Brazil has the world’s sixth-largest economy, a large and growing middle class and an expanding leadership role in world affairs.
Analysts say a likely goal for President Rousseff, on her first official visit to Washington, is to make the most of her country’s international standing.
Another likely priority is to further strengthen Brazil’s relationship with the United States, which Eric Farnsworth, vice president of the Council of the Americas, says is already strong, healthy and diverse.
“I think what you are going to see on April 9 with President Obama and President Rousseff is going to be two leaders of the two largest democratic countries in the Western Hemisphere embracing, perhaps literally, but certainly figuratively, and looking for ways to continue to build out a common agenda," he said.
That agenda is expected to include economic issues, such as trade. A free trade agreement between the two countries has stalled, with some analysts in Washington accusing Brazil of protectionism.
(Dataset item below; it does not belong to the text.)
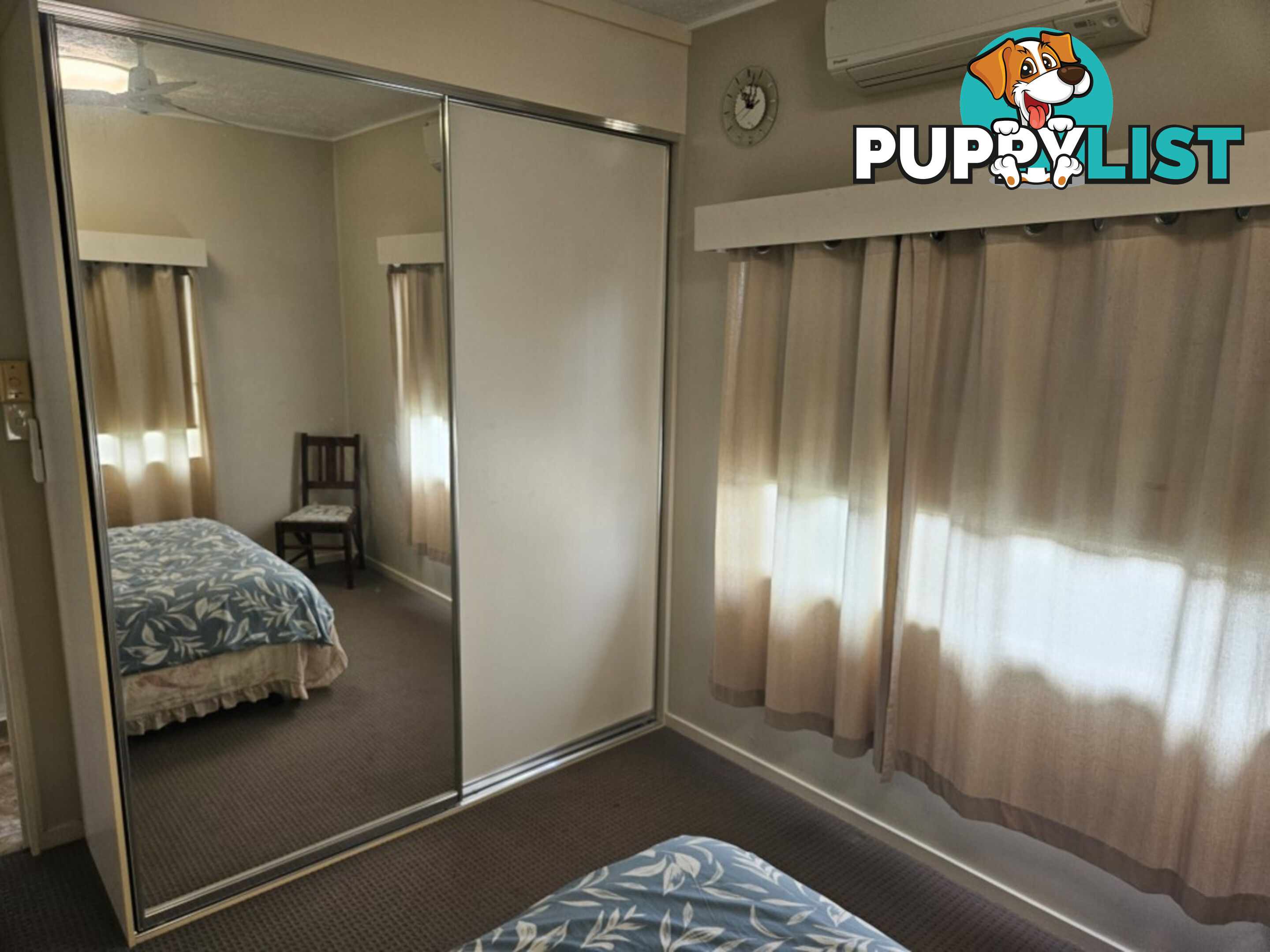 13 Ardrossan Street Ingham QLD 4850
President Obama’s visit to Brazil last year produced new economic and commercial agreements, which might lead to more cooperation on international issues.
Brazil is seeking U.S. support in its bid for a seat on the United Nations Security Council. Washington has backed India’s quest for a seat, but has not done so with Brazil.
Meanwhile, Mr. Obama might ask Ms. Rousseff to support tougher sanctions against Iran and Syria.
Nonetheless, Eric Farnsworth says the two countries are in agreement on most issues.
“The areas of disagreement, for example, Iran’s nuclear program or some trade disputes or what have you, are always going to capture people’s attention and news reports, et cetera. But the reality is [that] the fabric of cooperation the United States has with Brazil is very deep. It is very strong. And I do not anticipate that this meeting is going to do anything except strengthen that," he said.
Energy is one of the main areas of expected cooperation between the two countries. Brazil has some of the world’s largest oil reserves, and it has made wide use of biofuels and other alternative forms of energy, an area of interest to President Obama.
Other possible agenda items include education, Brazil’s work with other Andean nations to fight the illegal drug trade and cooperation on rebuilding Haiti.
Brazil is also in the process of deciding whether to buy $30 billion worth of jet fighters from France or the United States.